Il toccu che si legge “tuccu” in dialetto genovese -, letteralmente tocco di carne è assieme al pesto genovese, la salsa di noci, la salsa d’aglio e la salsa di pinoli uno dei sughi tradizionali che fanno parte del patrimonio della gastronomia ligure

In Italia ci sono molte varianti di quello che internazionalmente è conosciuto con ragù. Questa salsa, come in tanti piatti della tradizione regionale italiana, è legata al microcosmo che si è sviluppato intorno ai territori e ai suoi prodotti. 

Se il più conosciuto è il ragù bolognese, anche all’estero, il toccu è a pieno titolo la versione tradizionale genovese.

La preparazione di questa salsa è arrivata ai giorni nostri grazie alla trasmissione orale, di generazione in generazione, delle famiglie liguri. Il toccu è sempre stato il sugo per eccellenza delle feste e il condimento ideale per i ravioli si accompagna molto bene anche con i taglierini o i croxetti -quest’ultimi sono un formato di pasta tipicamente ligure-.

Ma vieniamo alla nostra ricetta!

TOCCU GENOVESE, CHE INGREDIENTI USARE? (per 4 persone)

  • 6 etti di carne di vitello intera*
  • 30 gr. funghi porcini secchi 
  • 20 gr. pinoli
  • 2-3 carote (secondo la grandezza)
  • una cipolla bianca
  • un gambo di sedano
  • 1 spicchio d’aglio (facoltativo)
  • 2-3 biccheri salsa di pomodoro
  • 1 bicchere vino rosso fermo, preferibilmente ligure.
  • brodo di carne o vegetale q.b.
  • sale e pepe q.b.
il toccu genovese di ImmersioneinCucina, ingredenti principali
il toccu genovese di ImmersioneinCucina, ingredenti principali

attrezzatura da cucina

  • miniprimer o trita-tutto (facoltativo)

TAGLI SCELTI

* Per la realizzazione di questa ricetta è importante scegliere il taglio adatto di carne. Vanno bene le parte del bovino adatti alle lunghe cotture, in grado di sciogliersi durante la cottura e più precisamente sono ideali le carni a fianco del collo dell’animale. Per non sbagliare chiedete consiglio al vostro macellaio di fiducia.

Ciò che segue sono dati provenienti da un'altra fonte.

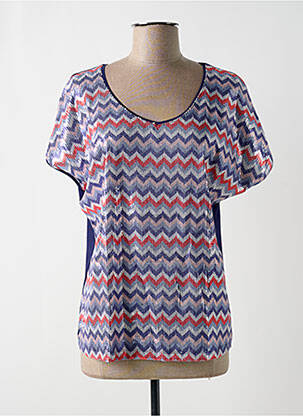 Top albastru ZAS-K femeie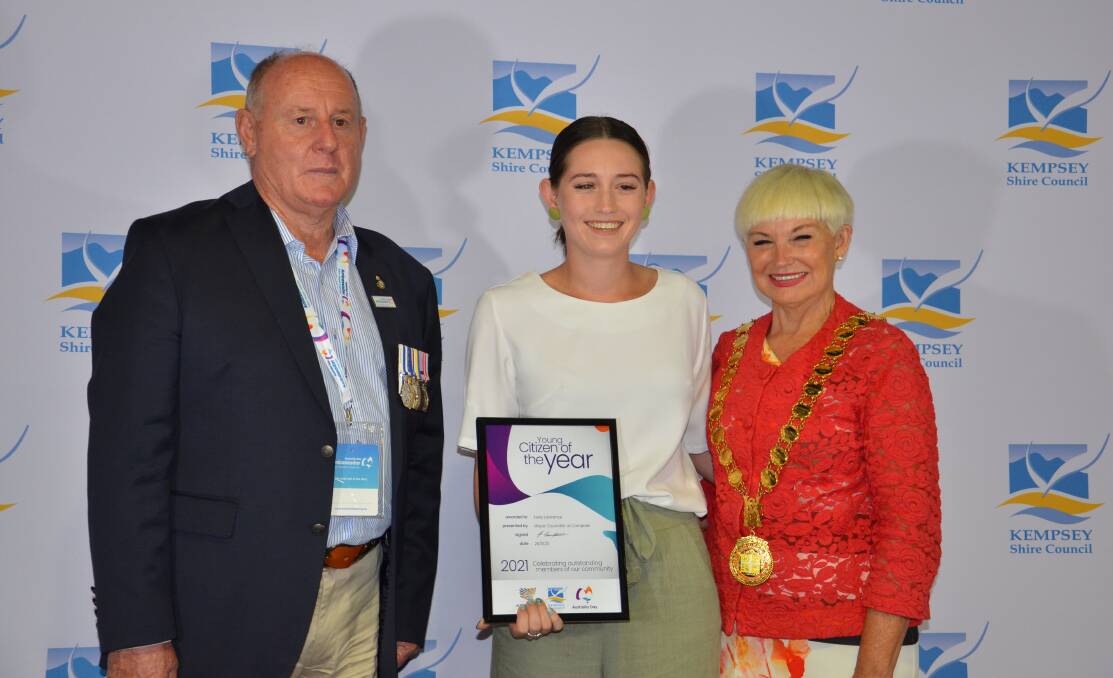 Young Citizen of the Year - Keely Lawrence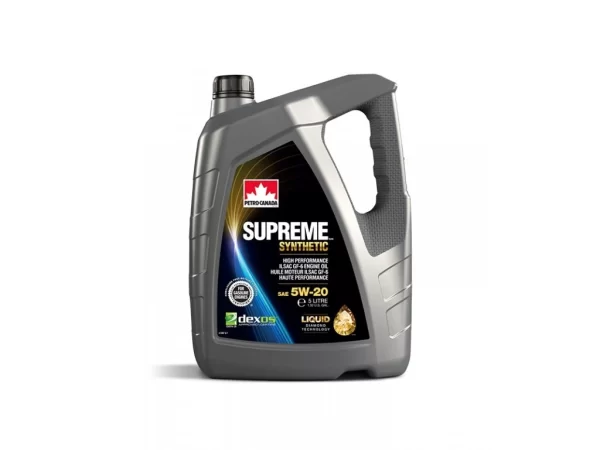 Motorový olej Petro-Canada Supreme Synthetic 5W-20 5L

TOCCU GENOVESE, COME SI FA?

Il segreto per ottenere un buon tocco è la lunga cottura a fuoco basso, la carne deve cuocere sobbolendo leggermente. Questa preparazione richiede tempo e dedizione, non è sicuramente una ricetta per chi ha fretta.

Per avere un risultato ottimale fate riposare la salsa prima di servirla. E’ una di quelle preparazioni che si apprezzano meglio il giorno dopo.

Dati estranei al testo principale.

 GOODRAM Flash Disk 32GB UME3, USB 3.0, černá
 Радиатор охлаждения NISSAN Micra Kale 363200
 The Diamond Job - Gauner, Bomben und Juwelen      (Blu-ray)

il toccu genovese di ImmersioneinCucina, passaggio n.8.
  1. Mettete in acqua tiepida i funghi e fateli rinvenire, lasciateli in ammollo per almeno mezzora.
  2. Affettate carota, sedano e cipolla per fare il soffritto -che è la base della salsa- , mettere il preparato in un tegame e farlo rosolare leggermente per circa 10 minuti a fuoco lento.
  3. Aggiungete i funghi -che intanto avrete scolato e tritato grossolanamente- e i pinoli e fate cuocere ancora per circa 5 minuti.
  4. Unite il pezzo di carne e fatelo rosolare a fuoco vivo, girandolo spesso. Deve risultare una cottura omogenea su tutti i lati, questo è fondamentale per un buon toccu!
  5. Aggregate il vino rosso e sfumatelo. Salare e pepare quanto basta.
  6. Per ultimo aggiungete la salsa di pomodoro e il brodo fino a coprire il pezzo di carne. Quando il preparato raggiungerà il bollore, aggiustate di sale e pepe (se necessario) e abbassate il fuoco. Mettete il coperchio e fate cuocere per circa 1 o 2 ore a seconda della grandezza del pezzo di carne. Controllate e girate spesso il toccu.
  7. Il vostro toccu è pronto quando con il cucchiaio da cucina riuscirete a spezzare e a sciogliere la carne negli altri ingredienti. La salsa deve risultare corposa, densa, piena di sapore ma non troppo asciutta!
  8. Se preferite un ragù a pezzi piccoli travasate la carne in un miniprimer e frullatelo lievemente.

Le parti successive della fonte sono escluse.